中国における最初の「本」は紀元前6世紀の春秋戦国時代にまでさかのぼるという(第1章).そのインキュナブラ・シニカの時代に「書籍」は急速に社会の中で定位置を占めるようになり,「蔵書」が早くも出現するにいたる.紙ではなく竹や絹に記されたこれらの蔵書は,時には当時の国家と対決することもあり,いわゆる「焚書坑儒」という事件に連なることになる(第2章).紀元前2世紀に出現した印刷媒体としての「紙」は,本の携帯性を高めることになったが,竹の本(竹簡)はその後も長く紙と共存したという(第3章).このあたりの分析は,当時の中国の文化的背景をうかがわせ,興味深い.

本を出版するという行為の意義について,著者はこう指摘する――「“文章”,著述はこの時代[三国時代]になって,はっきり自らを不朽にしてくれるもの,と意識されたのであった」(p.46).すなわち,本は後世に残る名誉であるという認識は,その一方で本のたしなみが音曲や飲酒と同じレベルの「趣味」の世界に属し,本を読む学問は「好き不好き」の問題であるという意識を植えつけることになった(p.58).書籍と蔵書の心理的深層をあばこうとする著者の姿勢が強く感じられる.

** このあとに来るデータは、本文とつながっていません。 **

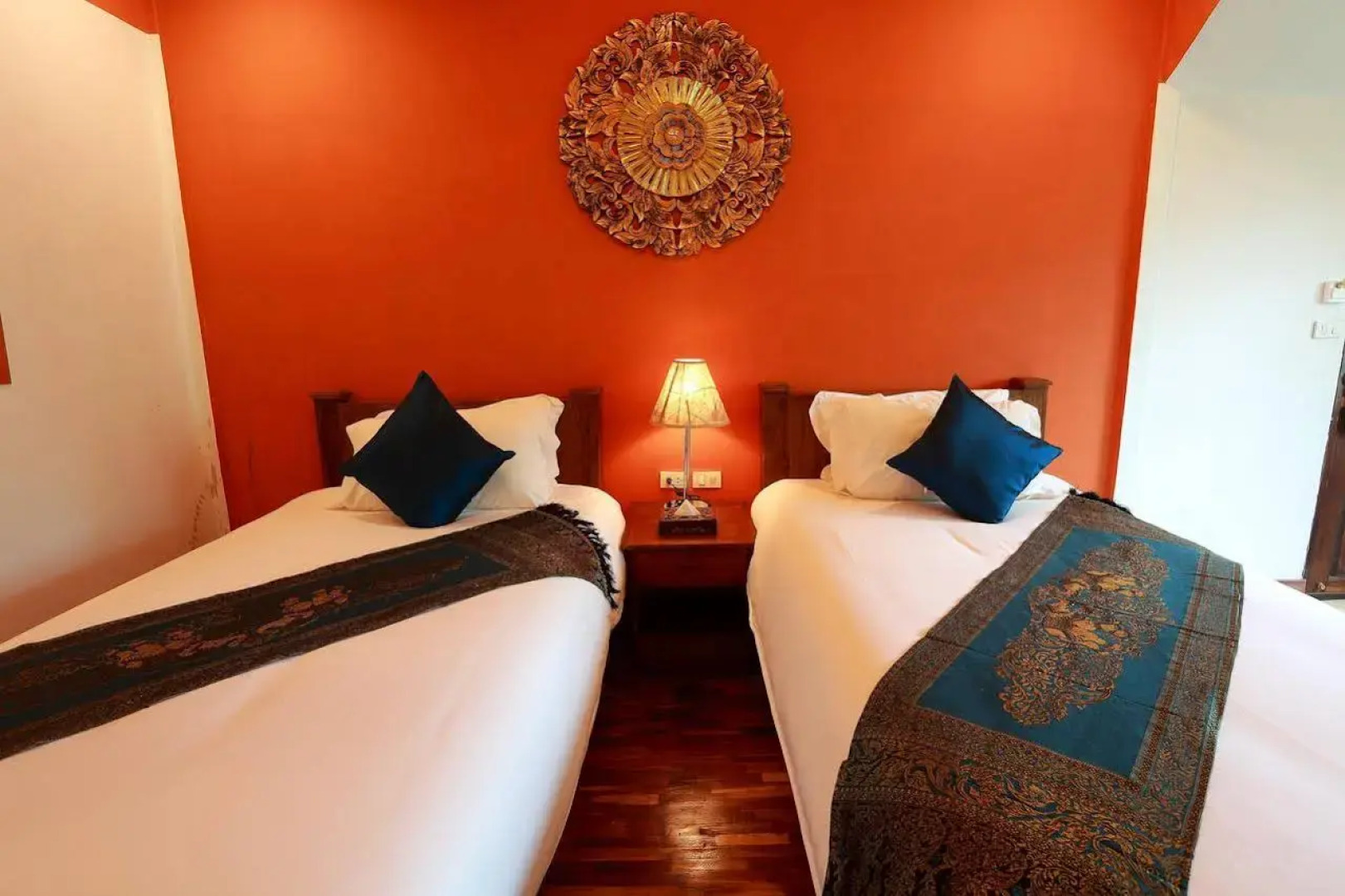 E-outfitting Pai Resort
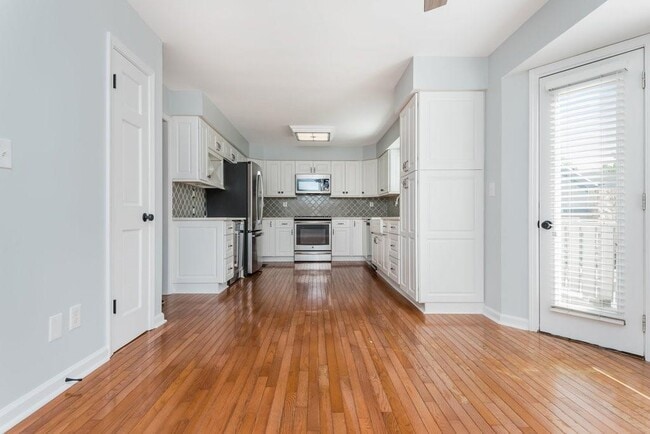 Building Photo - 1200 Defoor Ct NW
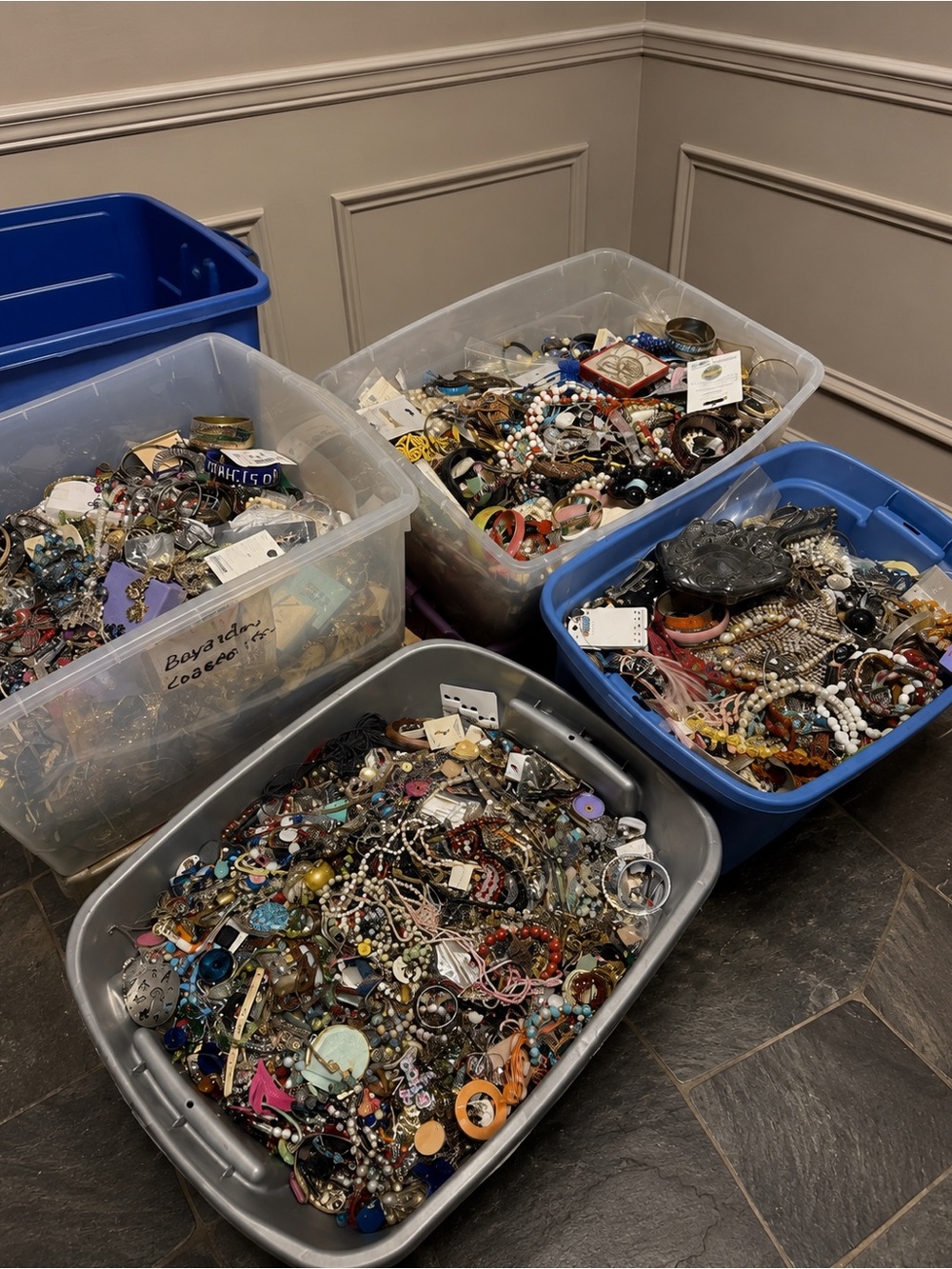 🏆 3 LB Unsearched Jewelry Lot Estate Sale Vintage Craft Wearable Treasure Hunt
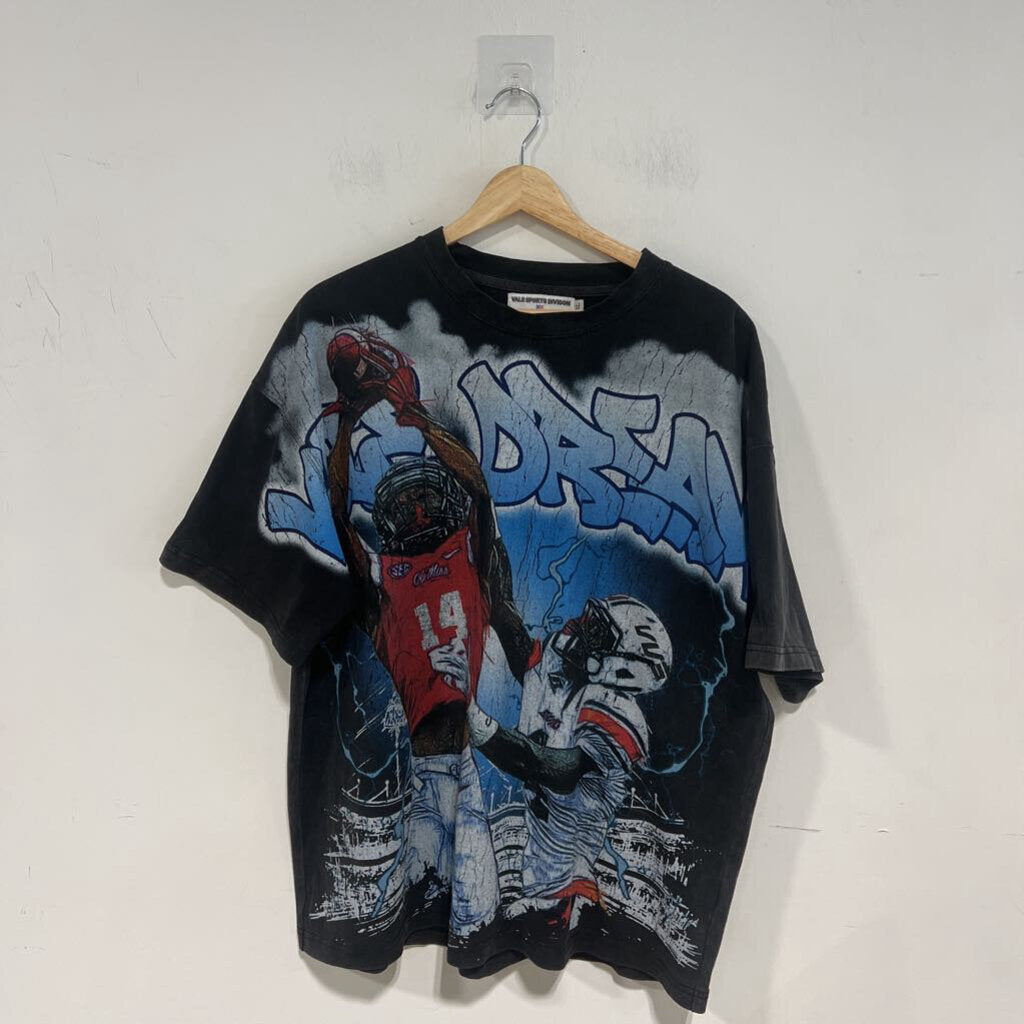 VALE FOOTBALL TEE SZ XL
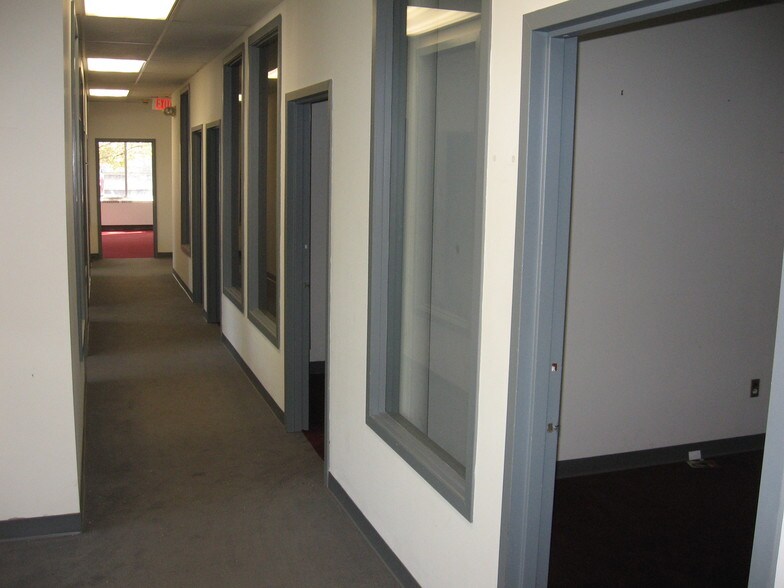 More Photos Of 76 Progress Dr, Stamford Research And Development For Lease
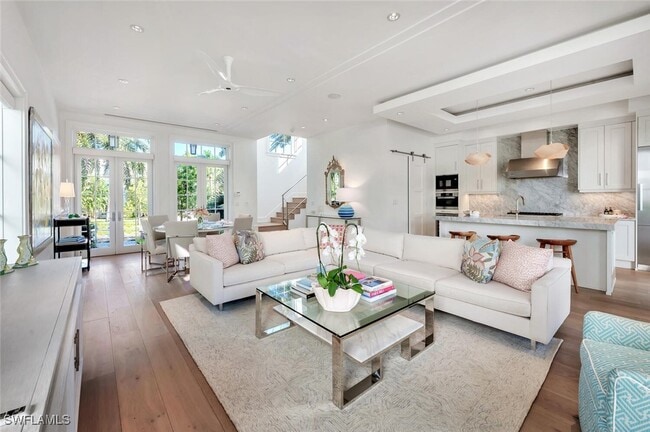 982 9th Ave S in Naples, FL - Building Photo - Building Photo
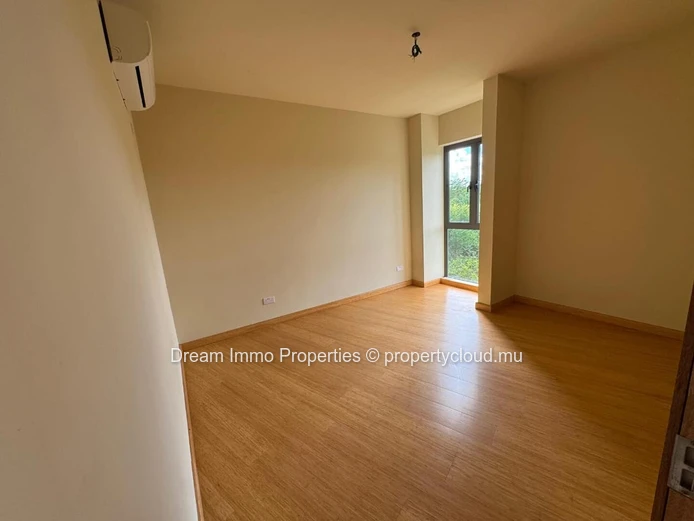 Penthouse Neuf Acces Toit Terrasse Prive Vue Mer & Montagne A Flic En Flac - Ile Maurice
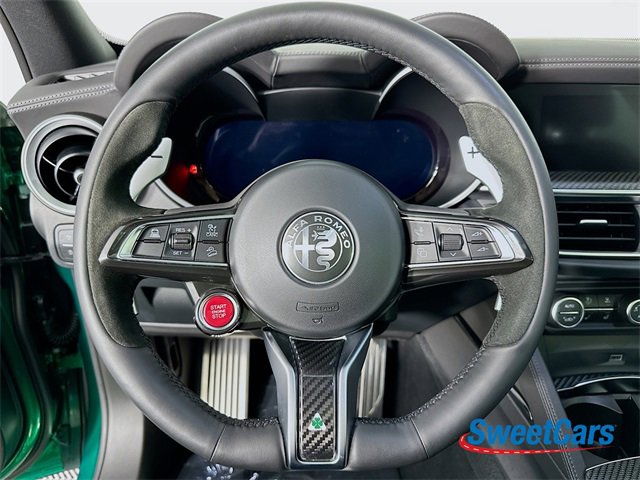 Used 2024 Alfa Romeo Stelvio Quadrifoglio image 17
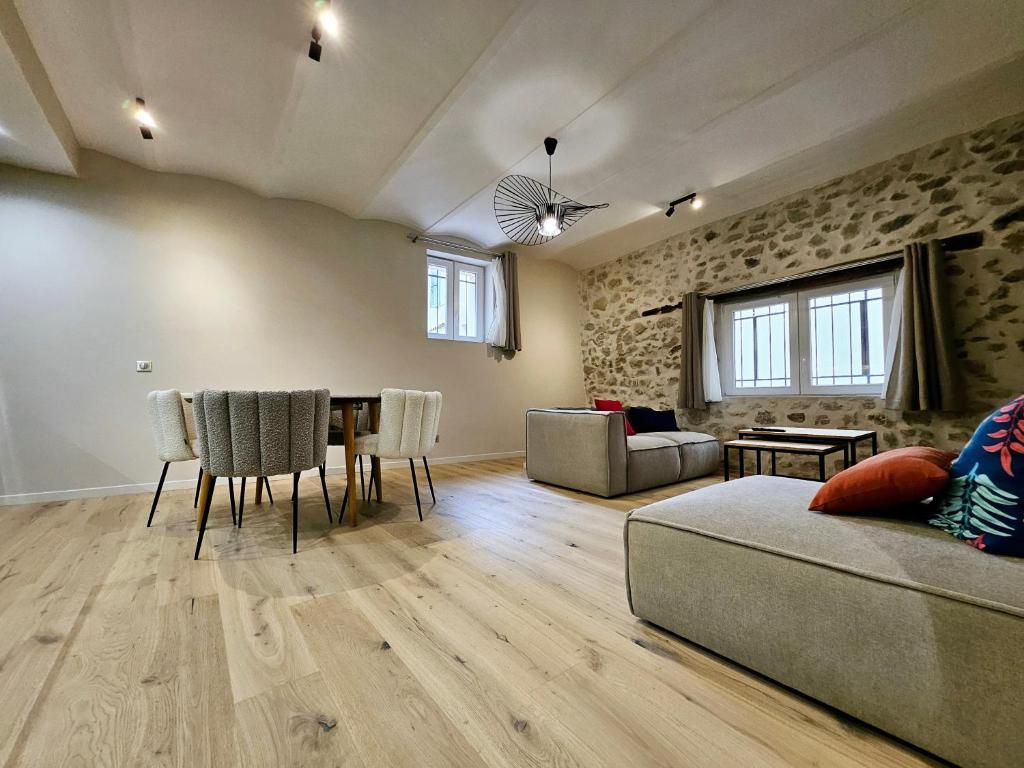 Le Rempart - T3 dans Vieil Antibes - 4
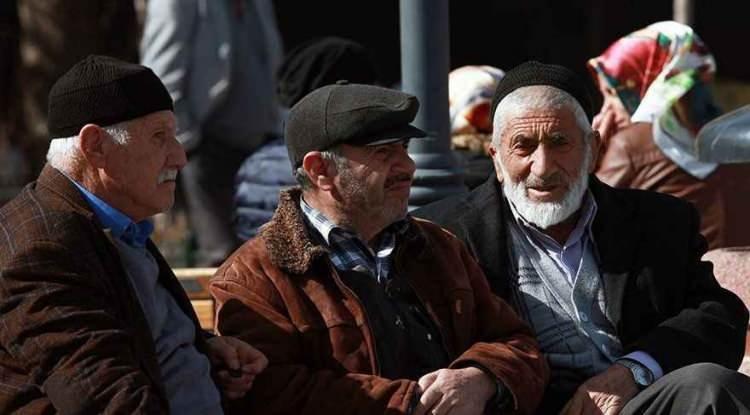 <p>Tatil beldelerindeki otellerin konaklama beldeleriyle kıyaslandığında emeklilere on binler hatta yüzbinlerce TL değerinde tatil bütçesi ayrıldı.</p>
<p> </p>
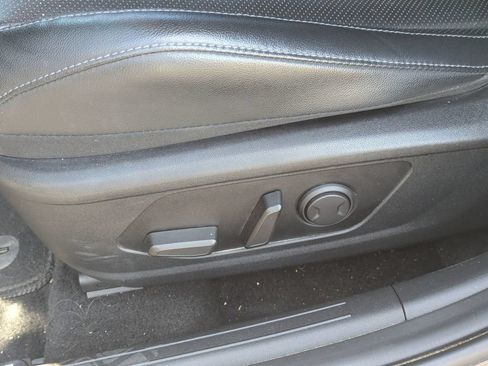 Used 2023 Hyundai Elantra Limited FWD image 27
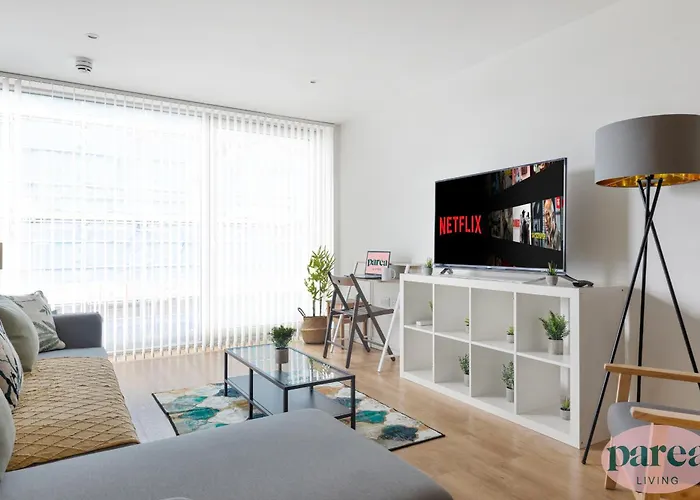 Parea Living - Colorful North London Apt With Balcony Views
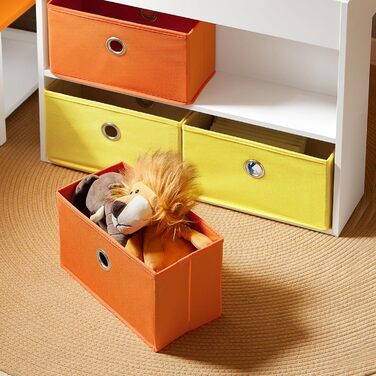 Дитячий стіл SoBuy з 2 стільцями: комплект меблів для дитячої кімнати з місцем для зберігання, ігровий та активний стіл, білий 87x50x50 см (з дошкою для малювання)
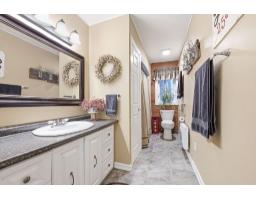 28 Ch. Mitchell, Otter Lake, QC J0X2P0 Photo 40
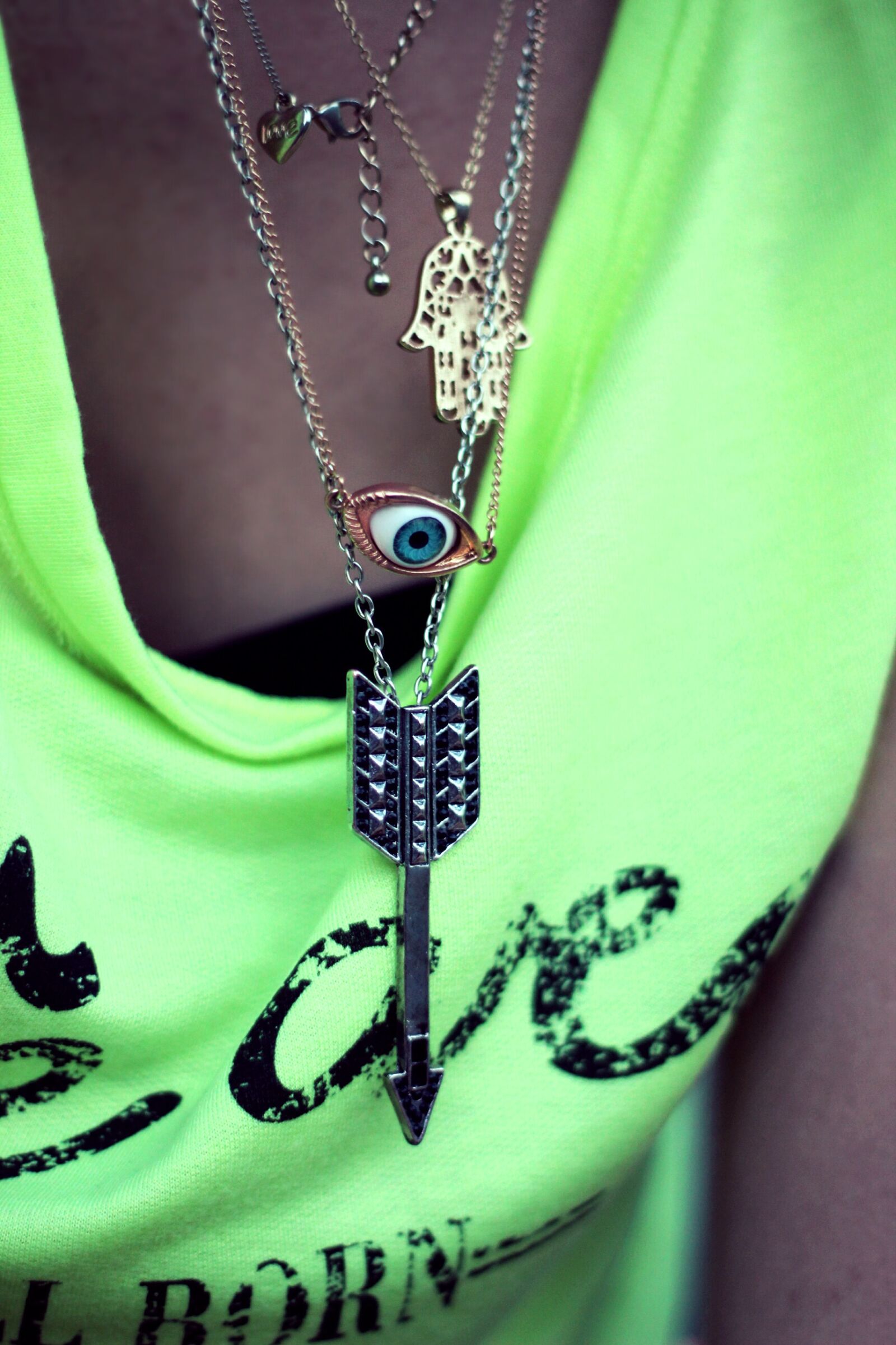 Canon EOS 600D (Rebel EOS T3i / EOS Kiss X5) sample photo. Pendants, eye, arrow, hamsa photography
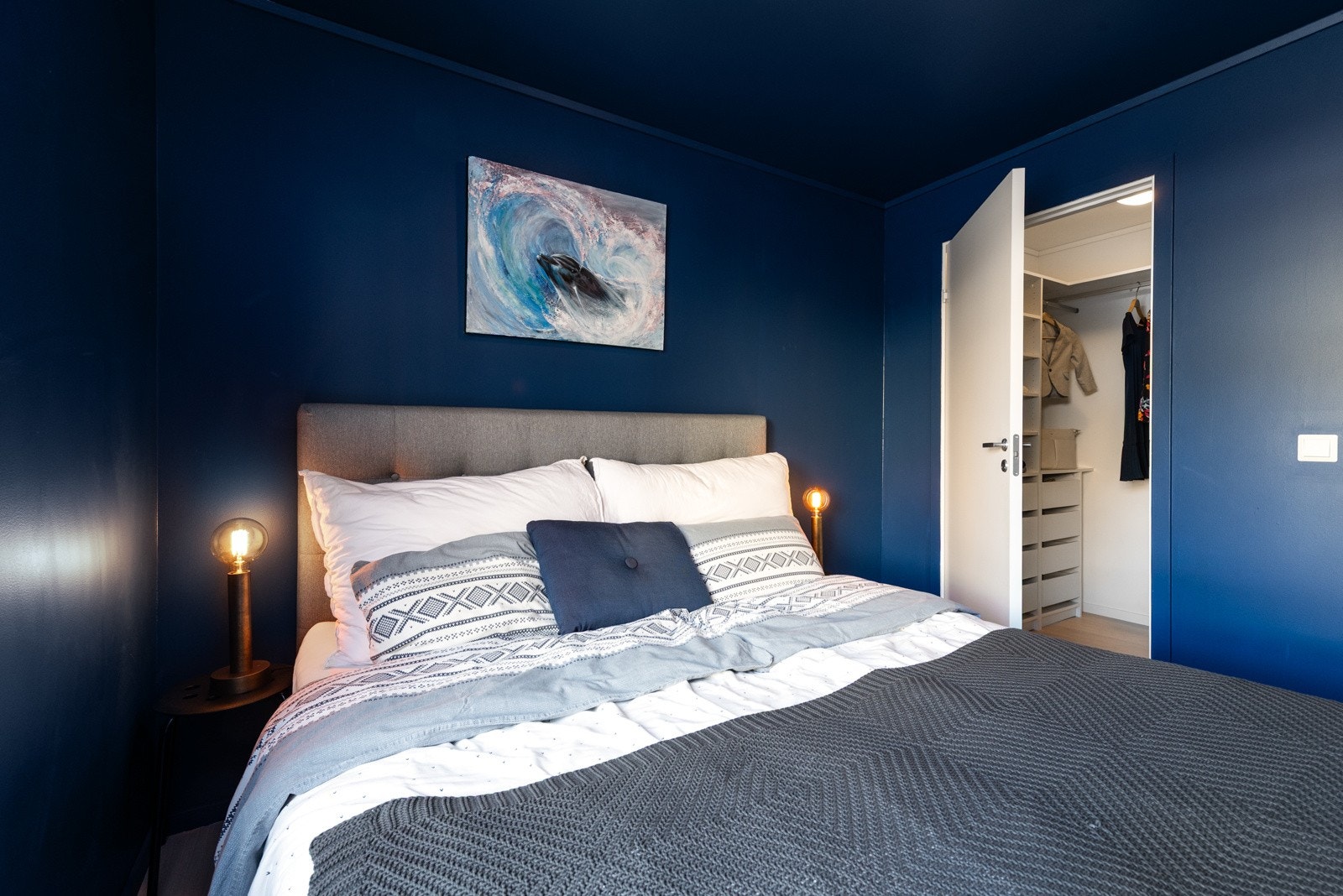 Døradkomst til eget garderoberom med integrert innredning. Galleribilde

唐の時代に印刷術が発明され刊本が出まわるようになってからは,書籍を出版したり販売するという業者が職業として定着することになった.唐代にあっては科挙試験の対策のために大量の受験参考書の出版されたり(第8章),あるいは元代の朱子学隆盛の時代のように書籍や読書が低く見られたり(第11章),明代に入って再び出版・販売業が隆盛を迎えたものの(第14章),清代にいたって中国の出版業が長い停滞期に陥ってしまったという(第18章).

中国の長い歴史を「本」をキーワードに読み解いていく本書は私にはたいへん新鮮に感じられた.きっと専門書なのだろうが,もっと幅広い読者層に受け容れられる内容だと思われる.